A ideia da 'final four', em teoria, faz algum sentido, mas, como costuma parafrasear Jorge Jesus, a prática é o critério da verdade. E a verdade é que, num dia útil, às 20h45, a dezenas ou centenas de quilómetros de casa, não há muita gente a querer ir ao futebol. Nem quando os intervenientes são Oliveirense (que fez um belíssimo jogo) e Vitória de Setúbal - terça-feira, o Municipal de Braga tinha 1600 adeptos nas bancadas - nem quando são Sporting e FC Porto - o mesmo estádio, que tem capacidade para 30286 pessoas, teve apenas 26536 cadeiras ocupadas, mesmo com bilhetes a preços simpáticos, entre os €5 e os €15.

E, mesmo assim, estes números já são bem melhores do que os da 'final four' da época passada, disputada no Estádio do Algarve. As meias-finais entre Vitória de Setúbal e Sporting de Braga, e Benfica e Moreirense, a meio da semana, também às 20h45, tiveram a aterradora soma de 13062 adeptos nas bancadas, enquanto a final entre Moreirense e Braga teve... 6713 pessoas.
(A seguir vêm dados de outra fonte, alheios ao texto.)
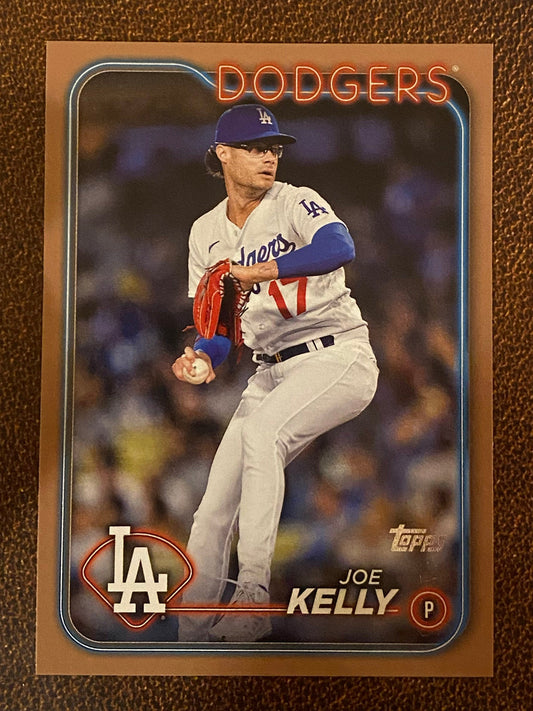 Joe Kelly - 2024 Topps Series 2 - Gold /2024 - Dodgers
Se, em Portugal, estes números às vezes até já são vistos como "normais" em determinados estádios, a verdade é que, neste caso, têm mais a ver com o dia e com o local. Porque, em todas as épocas anteriores ao formato 'final four', houve sempre bem mais gente nos estádios, nas meias-finais. A diferença? Eram disputadas em casa de um dos semi-finalistas, o que, obviamente, aproxima os adeptos locais do jogo em questão. Em 2010/11 e 2009/10, foi até superada a barreira dos 50 mil adeptos, como pode conferir na infografia abaixo.

Infografia de Sofia Miguel Rosa

Nas épocas anteriores a 2015/16, inclusive, apenas a final era 'deslocalizada', disputada num estádio designado previamente pela Liga, no fim de semana, a horas relativamente decentes (19h45) que, ainda assim, podiam ser bem mais simpáticas para os adeptos que têm de regressar a casa e trabalhar no dia seguinte após o jogo (voltando a Inglaterra: a final da Taça da Liga é disputada em Wembley, ao fim de semana, à tarde - e quem diz 'tarde' diz 16h30 e não 19h45).
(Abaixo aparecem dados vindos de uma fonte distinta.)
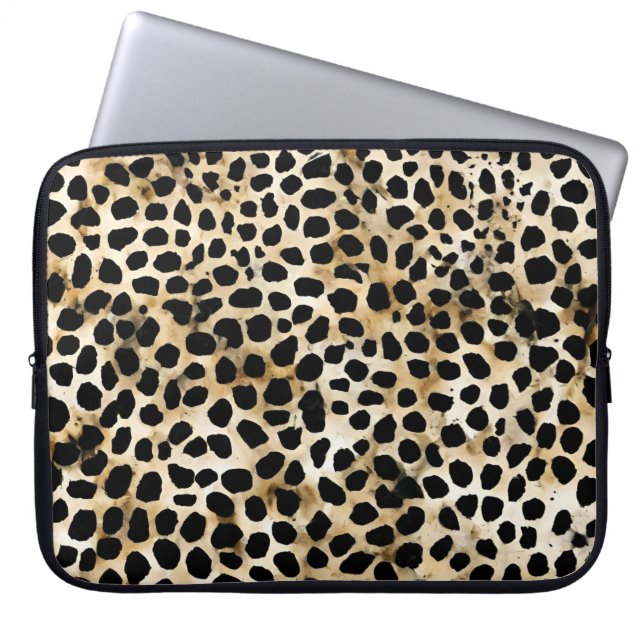 Animal Print - Electronics Bag Laptopschutzhülle (Vorderseite)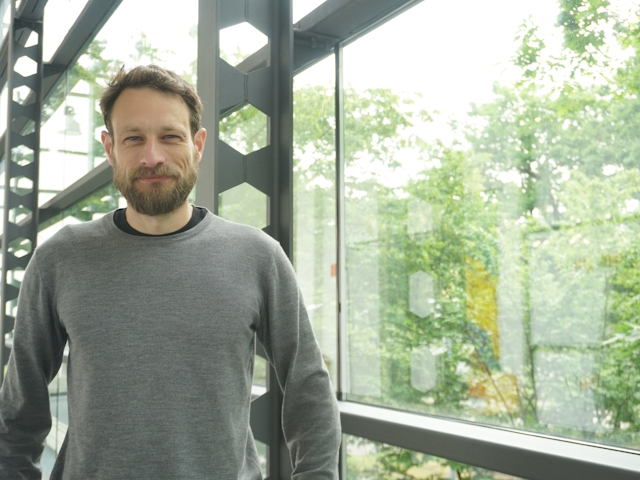 Seit dem 1. April ist Dr. Gerald Horst als Professor im Studiengang Maschinenbau tätig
Porque, afinal, não é o adepto que mais interessa nisto tudo? E o que diz o adepto, por exemplo, do Portimonense, quando vê que a Liga confirmou que vai continuar a fazer a 'final four' da prova em Braga, até 2020?

E se a 'final four' de 2018/19 tiver Portimonense, Vitória de Setúbal, Cova de Piedade e Belenenses? Faz sentido que seja em Braga? Um adepto de Portimão tira férias a semana toda para ficar em Braga para meias-finais e final? Ou vai à meia-final, volta para casa e depois vai outra vez de viagem? E há dinheiro para isto tudo? Por que razão não se escolhe um local e um horário que facilite a presença dos adeptos, especialmente os das equipas ditas 'pequenas'?

"A Liga avançou com este modelo muito a pensar na ligação com o adepto e Braga soube entender e interpretar isso. É com muita satisfação que estaremos aqui até 2020, pelo espírito, vontade e compromisso demonstrados. Fizemos uma grande festa desta competição e que a próxima edição seja ainda mais inovadora", disse Pedro Proença.

Com certeza a intenção da Liga será a melhor - a ideia da conferência de imprensa conjunta de treinadores, por exemplo, é ótima -, tal como foram as promessas de aproximar o futebol, em geral, dos adeptos, mas depois, na prática, o que se viu ao longo desta época foi um atropelo dos próprios regulamentos da organização, no que à calendarização das jornadas diz respeito, não tendo sido cumprida, por vezes, a antecedência necessária na divulgação das mesmas.

E quem se lixou, claro está, foi o adepto. De futebol. Porque o que mais interessa no futebol é, pasme-se, o futebol, e não as atividades que gravitam à volta dele. Por favor, protejam o nosso talento.